Collected data =>
____

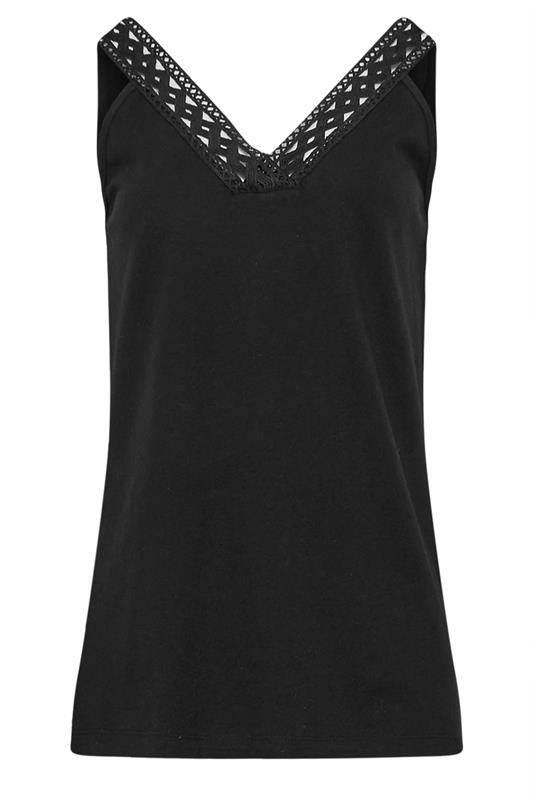 LTS Tall Women's Black Lace Cotton Vest Top | Long Tall Sally 5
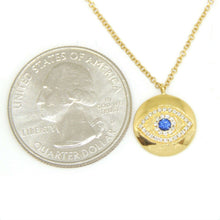 Load image into Gallery viewer, 14k yellow gold 0.17ct diamond sapphire evil eye necklace 18&quot; adjustable chain
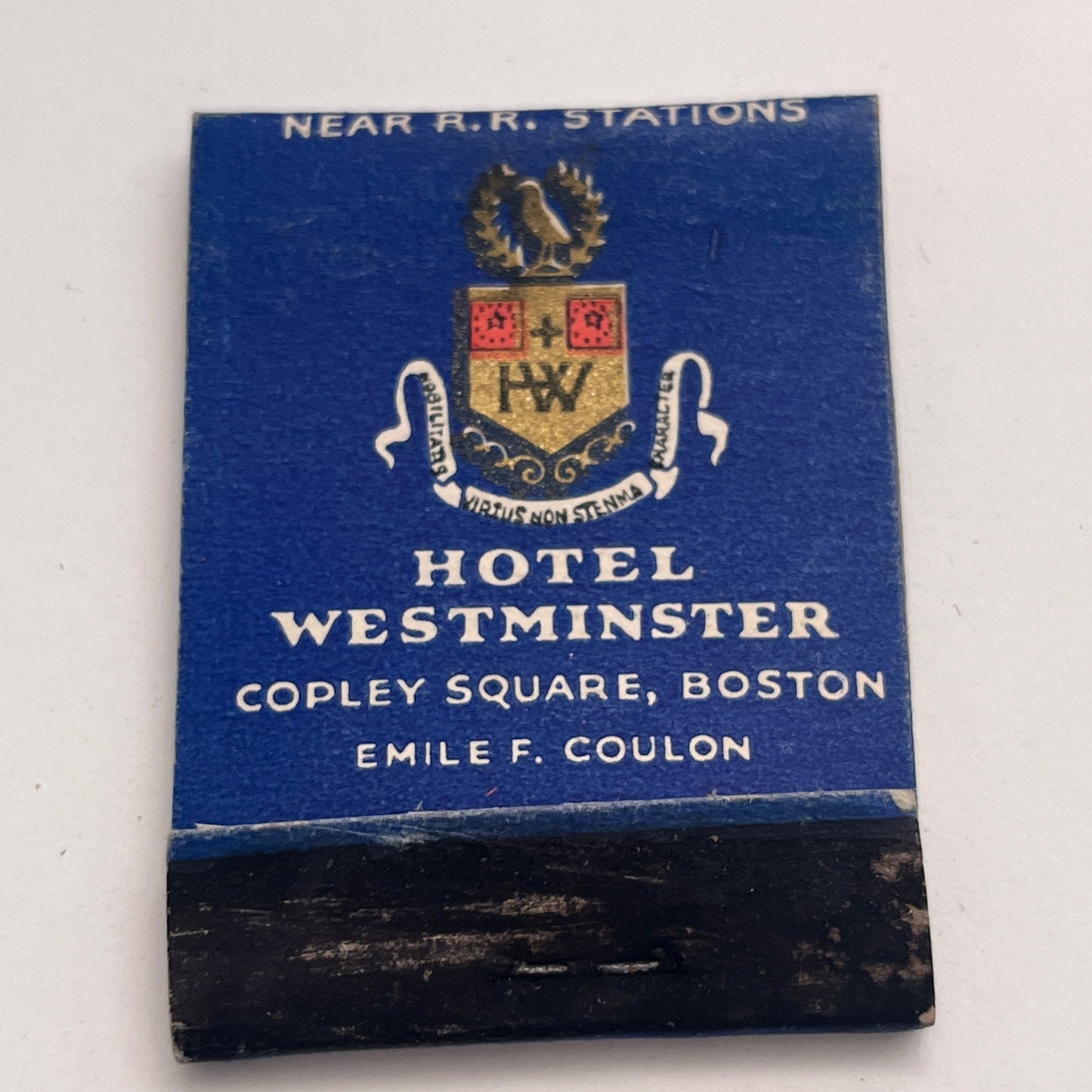 Hotel Westminster Copley Square Boston Emile F Coulon Matchbook Cover TB8-MB-7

____

Your goal =>
Your reply should consist of the data, transcribed exactly, and should hold no pictures.

Answer for this exercise =>
 LTS Tall Women's Black Lace Cotton Vest Top | Long Tall Sally 5
 Load image into Gallery viewer, 14k yellow gold 0.17ct diamond sapphire evil eye necklace 18&quot; adjustable chain
 Hotel Westminster Copley Square Boston Emile F Coulon Matchbook Cover TB8-MB-7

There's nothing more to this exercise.